Sega decided to try again with the Sega VR-1, which was less of a game and more of an arcade attraction, or ride.
VR took a pretty big dip in popularity during the early 2000s, but the Oculus revived the idea, and since then PlayStation VR has taken over as the leader in the space.
Some popular games include Batman: Arkham VR, Job Simulator, Star Trek: Bridge Crew, Superhot VR, Skyrim, Beat Saber, and just recently Iron Man VR.
The difficulty with these games often comes in the fact that you can’t actually walk around in VR (yet). While there are HMD and handsets, there is nothing (popular) that tracks your legs/feet. Therefore these games have had to decide to either keep you stuck in one place (Job Simulator, Superhot, Beat Saber), or the less popular “point-and-teleport” option used in Skyrim (except in the gif above). There is a third, even less popular option used in some games, where you move like you would in non-VR, with a joystick or D-Pad. The main problem with this is that you see yourself moving, but you don’t feel yourself moving, and that is largely the cause of motion sickness.
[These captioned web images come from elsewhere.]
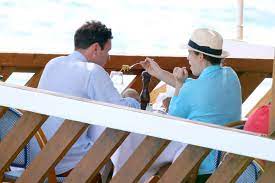 The bride, princess eugenie of york, is a member of the british royal family. Princess Eugenie Feeds Fiance Jack Brooksbank Pasta And Cruises On Boat During Pre Wedding Break In Italy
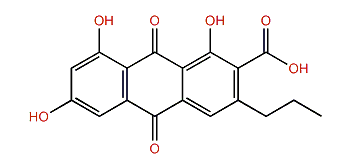 1,6,8-Trihydroxy-3-propylanthraquinone-2-carboxylic acid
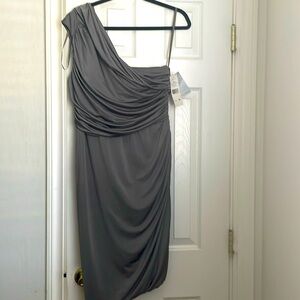 One shoulder drape dress size 16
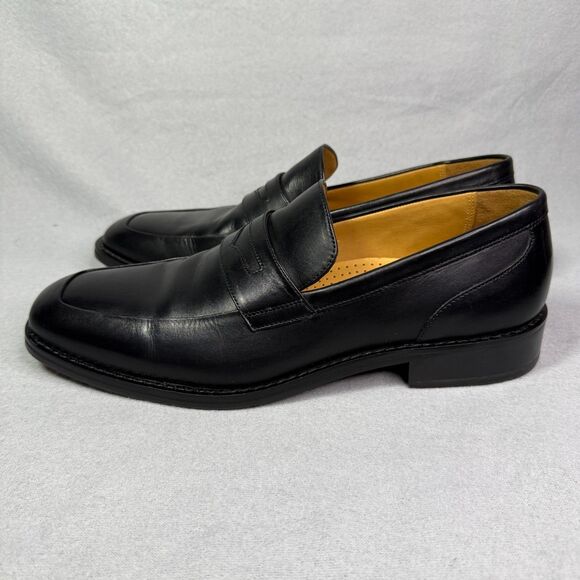 Cole Haan Mens 10M Black Leather Penny Loafer Dress Shoe Slip On C08597 Classic main image 4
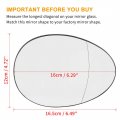 X Autohaux Mirror Glass Heated With Backing Plate Passenger Side Right Rear View For Bmw Mini Cooper 2007-2015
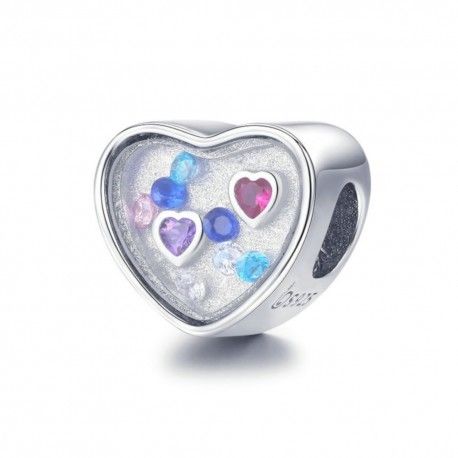 Sterling silver charm The soul cannot live without love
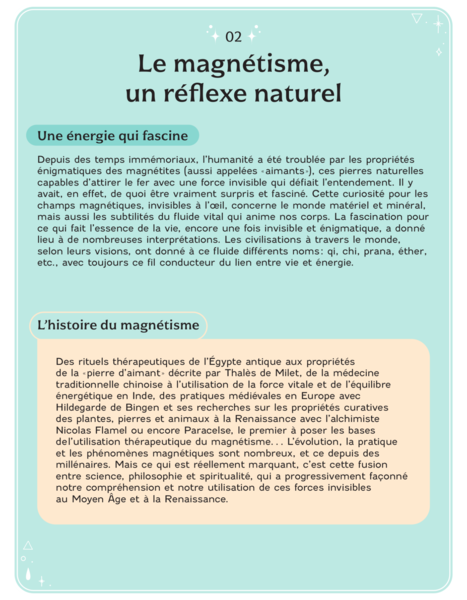 Coffret - Initiation au magnétisme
Another interesting form of gaming VR is gaining popularity, called VR Arcades. In these specialized arcades, you can rent a booth that is decked out with several VR enhancements, and you can play a game alone or with friends in this VR space. There is even one in Utah where their storefront is a mini-maze, and you choose which VR setting you want, and they have overlaid their space with that “skin.” This way you can feel the walls, heat, and traction in real time, as you are walking through a real space. It’s called “The VOID.”
As VR becomes more readily available and affordable, some people are using VR for non-gaming or industry purposes. In psychology, a new form of exposure therapy called “virtual reality exposure therapy,” which is exactly what it sounds like, has evolved into a safer way to attempt the therapy. For elderly people with Alzheimer’s, VR allows them to navigate the world and simulate experiences that they are unable to regularly, due to their disease. This can help fight off the depression many experience being stuck inside all day. It is even being used to help with phantom-limb pain experienced by amputees.
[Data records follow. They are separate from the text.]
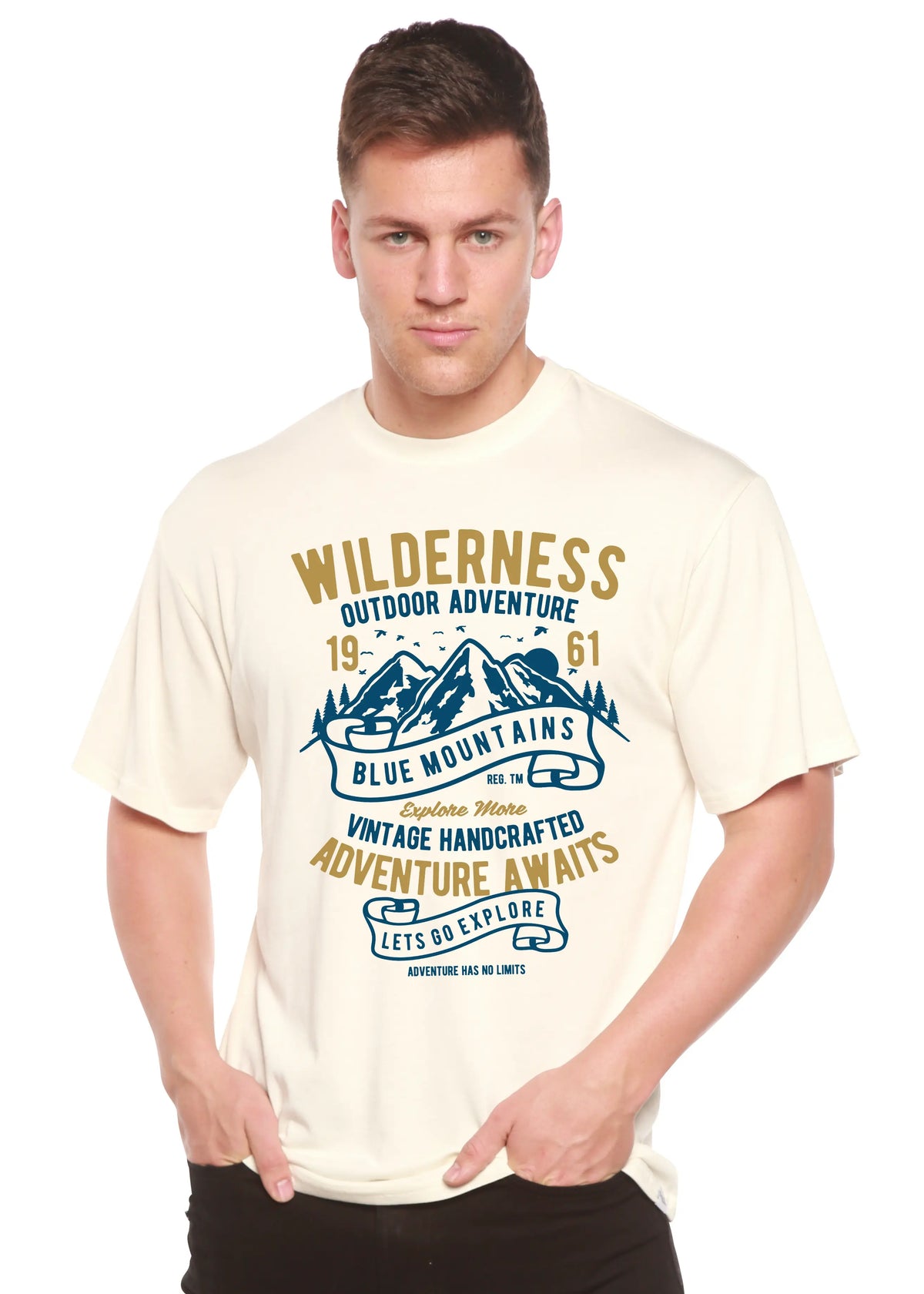 Wilderness Spun Bamboo® Men's Bamboo Viscose/Organic Cotton Short Sleeve Graphic T-Shirt Spun Bamboo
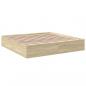 Preview: Bettgestell Sonoma-Eiche 200x200 cm Holzwerkstoff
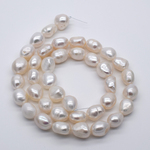 特別SALE 連 40cm 淡水パール バロック ボタン ミックス 連 9~12mm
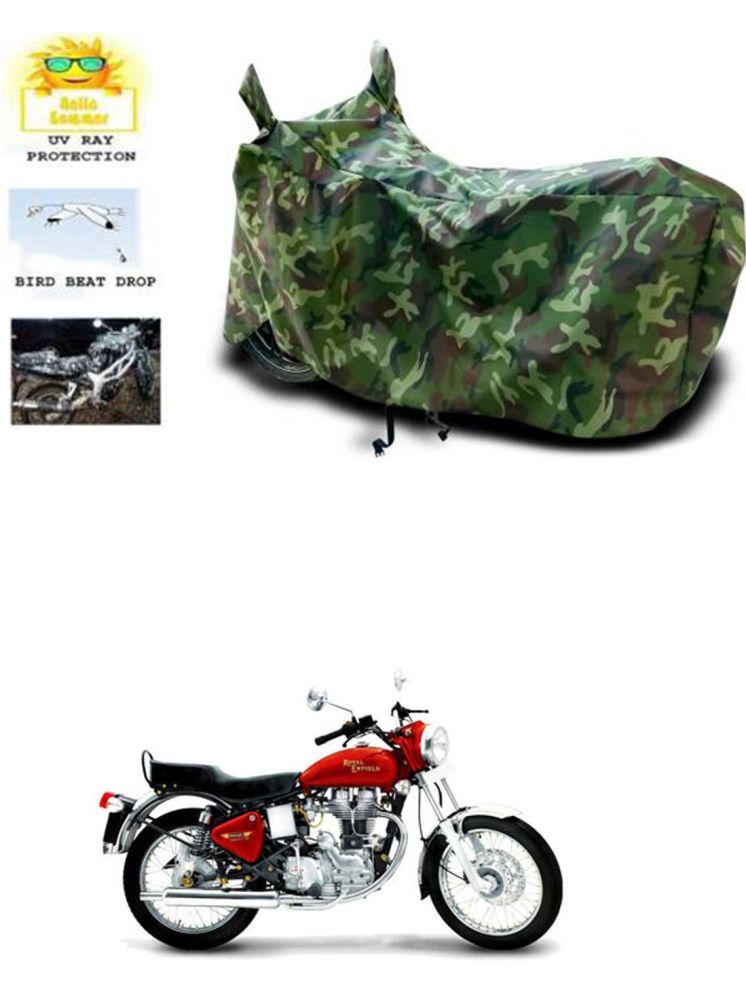     			RONISH Bike Body Cover for Royal Enfield Electra 5S ( Pack of 1 ) , Multicolour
In Disney Gallery: The Mandalorian on Disney+, it was explained that the virtual space that they would be filming on was recreated digitally and displayed on a massive wall, instead of filming on a green screen. While this is a different form of VR, it is still accurate to call it a virtual reality, and has many implications to the future of filming.
Below is a very interesting video of someone who has recreated their living room in VR, in a much cleaner way, and has said that he might prefer being plugged-in when he’s relaxing.
Future of VR
It is clear in the past decade that VR is quickly gaining popularity, both in industry and private use such as entertainment. It is most prevalent with the Corona Pause, when everyone is having to become much more digital in their day-to-day lives than before. Whether for education, work, or even socializing, the pandemic has forced everyone to try to figure out how to do in-person activities, from home. This will not only create a new paradigm in work, but also lead to a more realistic environment, potentially leading to a boom in VR.
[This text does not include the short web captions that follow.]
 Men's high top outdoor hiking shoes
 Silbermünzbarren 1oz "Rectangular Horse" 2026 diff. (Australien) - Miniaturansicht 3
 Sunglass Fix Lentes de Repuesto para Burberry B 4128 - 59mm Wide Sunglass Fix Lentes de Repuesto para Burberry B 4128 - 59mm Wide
In gaming, something new that has recently hit the market are vests that give a more tactile reaction to the VR space, allowing you to feel getting hit and taking damage.
Below is an infographic by RS Components that go through many predictions on how VR will advance in the next 30 years.
VR is a rapidly emerging technology, and I’m sure within a week this article might be out of date, so please forgive me if that is the case. However, with so many things happening in this space, it is clear that there is a lot to be excited about.